5. v20 “You know that I have not hesitated to preach anything that would be helpful to you but have taught you publicly and from house to house.”
 
One of my guiding principles in teaching the Bible I heard second hand when I was twenty.[9] It goes something like: there is a strong tendency for preachers to try to fix people. That is altogether the wrong way of thinking about it. It derails your content and undermines your tone. The preacher’s job is to be helpful. The Bible (in the teaching context) is not your weapon you wield,[10] it is a resource you offer.

6. v13 “We went on ahead to the ship and sailed for Assos, where we were going to take Paul aboard. He had made this arrangement because he was going there on foot.”

The first word of the passage gives us insight into why there is a sudden vividness to Acts 20. Luke is a fine author and the previous chapters are complete, artful and compelling…but there is another layer to chapter 20. The first word of v13 is ‘we’. Luke joined the party in Macedonia. Hence the vividness and tenderness.[11]

7. v 28-29 “Be shepherds of the church of God…I know that after I leave, savage wolves will come in among you and will not spare the flock.”

The shepherd analogy is ubiquitous in the scriptures as a metaphor for pastoral care. So it is not surprising, at first, that Paul goes to it here…until you realize that Paul was a thoroughgoing urbanite.

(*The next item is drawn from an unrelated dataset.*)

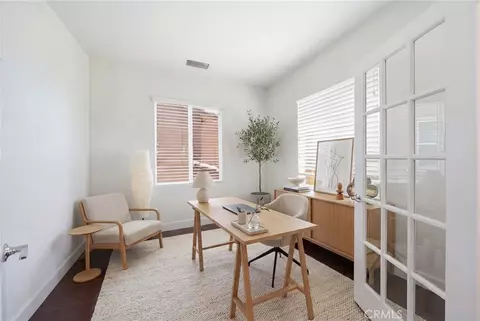 Other - 2829 Alamitos Rd, Brea, CA 92821 photo 9 of 10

His illustrations tended to be of the games or the races[12] or urban commerce. Shepherding is outside of his wheel house.[13] He is contextualizing. But he uses it for its protective connotations. He is concerned that the new church will attract a wide array of world view peddlers. He had reason for these concerns. It turns out this passage has not one, but two sequels. Fist, is the book of Ephesians[14], that demonstrates that his concerns were well founded. There had been several attempts to subvert the belief system of the church in Ephesus.[15] However, we get a part III. Ignatius, the second earliest extant, orthodox, author who didn’t make the Bible, wrote a letter to Ephesus and seemed to intimate that their doctrinal struggles are behind them.

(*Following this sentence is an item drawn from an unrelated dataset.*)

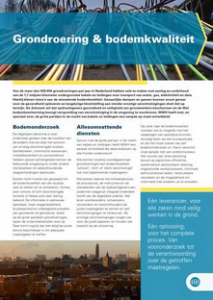 Kabels_leidingen_221x312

8. v17 “From Miletus, Paul sent to Ephesus for the elders of the church.”
 
I have argued several times on this blog that I believe the Bible intentionally gives us very few prescriptive guidelines on how to organize and arrange church polity. But, one thing I believe is clear is that Pauline churches, though diverse in structure and culture, shared on prescriptive characteristic. Leadership was plural. If this story was about an evangelical or Catholic church, it would be the story of Paul meeting with one man who was in charge of the Ephesian church. But Paul was too good a student of human nature to leave behind an ecclesiology that entrusted so much to a single individual. Paul gives his pastoral charge to a group of men who were to lead the church TOGETHER in this city. New Testament leadership is, without exception, done in community.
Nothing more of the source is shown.